In “Self-Profile of Portrait Indoors,” Munch moves during the shot, subsequently appearing as a blur. Munch’s close proximity and distorted visage work alongside a deep-focus that ultimately render him as an invasive object. One can imagine it were as if the intent was to photograph the room but instead finding a ghost in the frame. In another photograph, “Self-Portrait with Housekeeper,” Munch and his housekeeper sit posed, and once again, Munch introduces distortion so the two appear as if they were fading from existence. This time, it’s the camera that appears invasive instead of the ghosts. Propped slightly beneath the table so as to give the composition a slightly upward angle, the camera’s position and gaze mimic that of a submarine scope—secret and probing. Munch faces the camera and looks at it in a downward gaze, introducing a further element of eerie.

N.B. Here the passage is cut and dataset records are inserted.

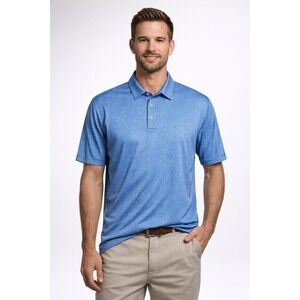 Peter Millar Summer Comfort Blue Geometric Pattern Polo SS Shirt Mens XL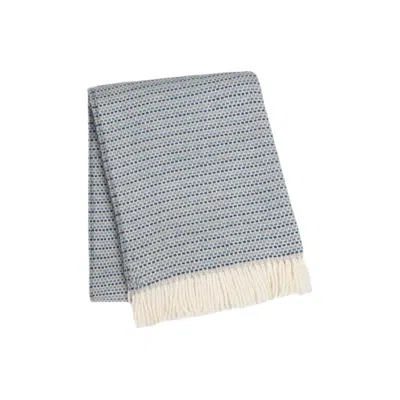 Hivvago 55" X 70" Denim Blue Cotton Blend Woven Plush Throw Blanket With Fringe In Blue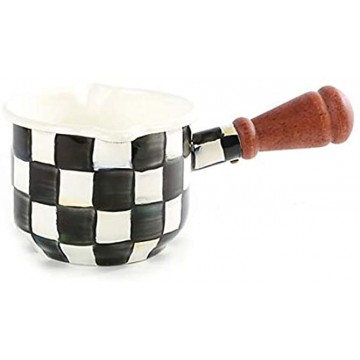 MacKenzie Childs Courtly Check Enamel Butter Warmer 4.25 dia 8 wide, long 3.25 tall 2 cup capacity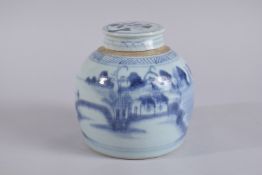 A 19TH CENTURY CHINESE BLUE AND WHITE PORCELAIN JAR AND COVER, with landscape scene, 17cm high.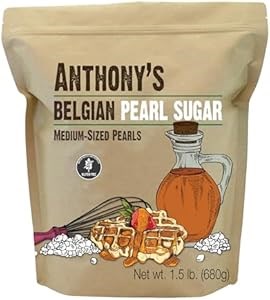 Anthony',s Бельгийский сахарный жемчуг, 680 г, без глютена, из 100% свекольного сахара, средний размер 11049892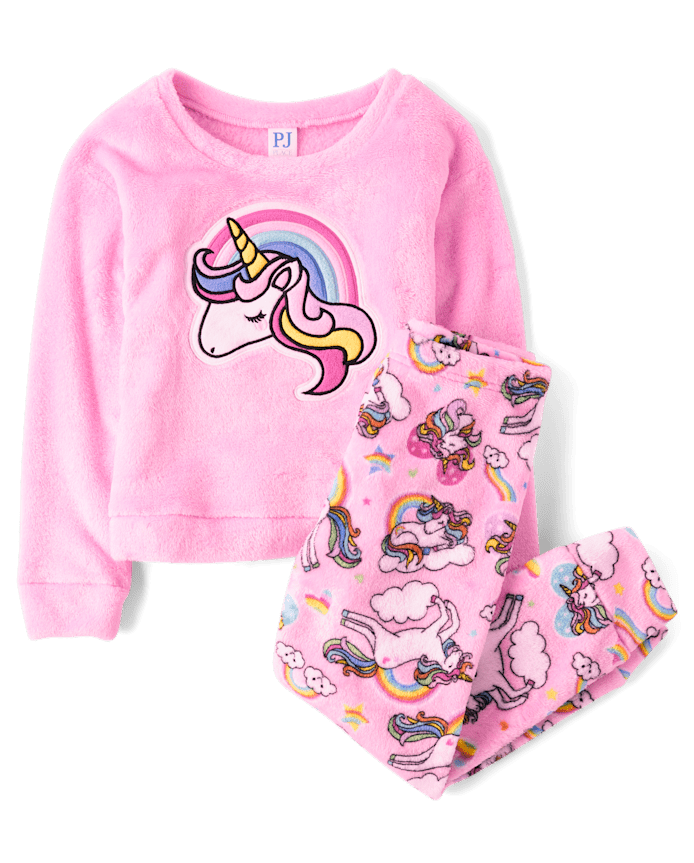 Pyjama licorne arc-en-ciel pour fille - Polaire douillette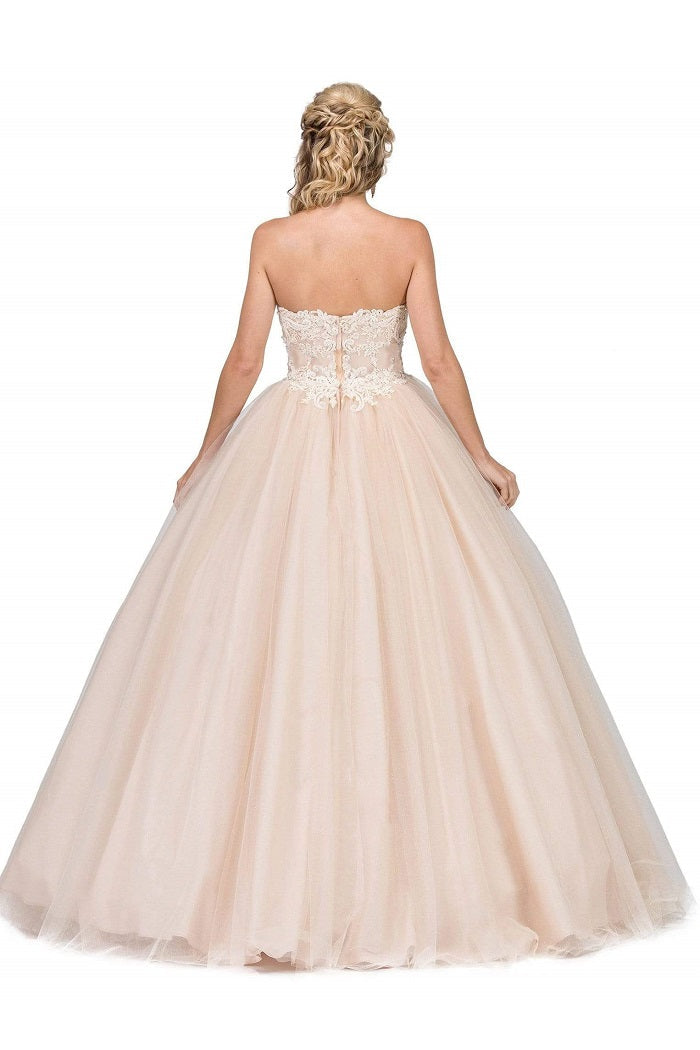 Champagne Strapless Beaded Bridal Ball Gown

Complimenting the photographs such as these are his paintings displayed at the Breuer. Munch as the probing inquisitor resurfaces in “Night in St. Cloud” which depicts a solid-black figure sitting in the corner by a window. Moonlight falls so as to illuminate the figure, further revealing the room’s crampedness. Munch’s use of light and space here induces a sense of claustrophobia, and yet he paints the figure as slightly perched forward to gaze out the window. The dark-blues and blacks of the painting reinforce a feeling of isolation, yet the figure’s position undermines this, transforming that solitude into a feeling of comfort. Just as in Munch’s photography where subjects were disappearing, the figure of “Night in St. Cloud” hugs the edge of the frame as if to vanish but ultimately failing to do so. Consequently, his gaze through the window can be viewed as a self-awareness of his own solitude through the implication of an outside, broader world, but the ultimate impossibility to participate in it.
Street-footage shot by Munch himself and on display at the Scandinavia House reinforces this outsider-view. Munch shoots pedestrians and other citizens from afar, and the aesthetic here falls in line with that of early-cinema done elsewhere when the mere recording of cities could produce a spectacle. There’s a sense of excitement in Munch’s images here produced by the fast-pace of urban-life, which initially contrasts the other photographs and paintings of solitude. Yet when distance is accounted for and placed in context with the rest of Munch’s work, one can’t help but notice the solitude of the man behind the camera and wonder perhaps why he remains so far and closed off.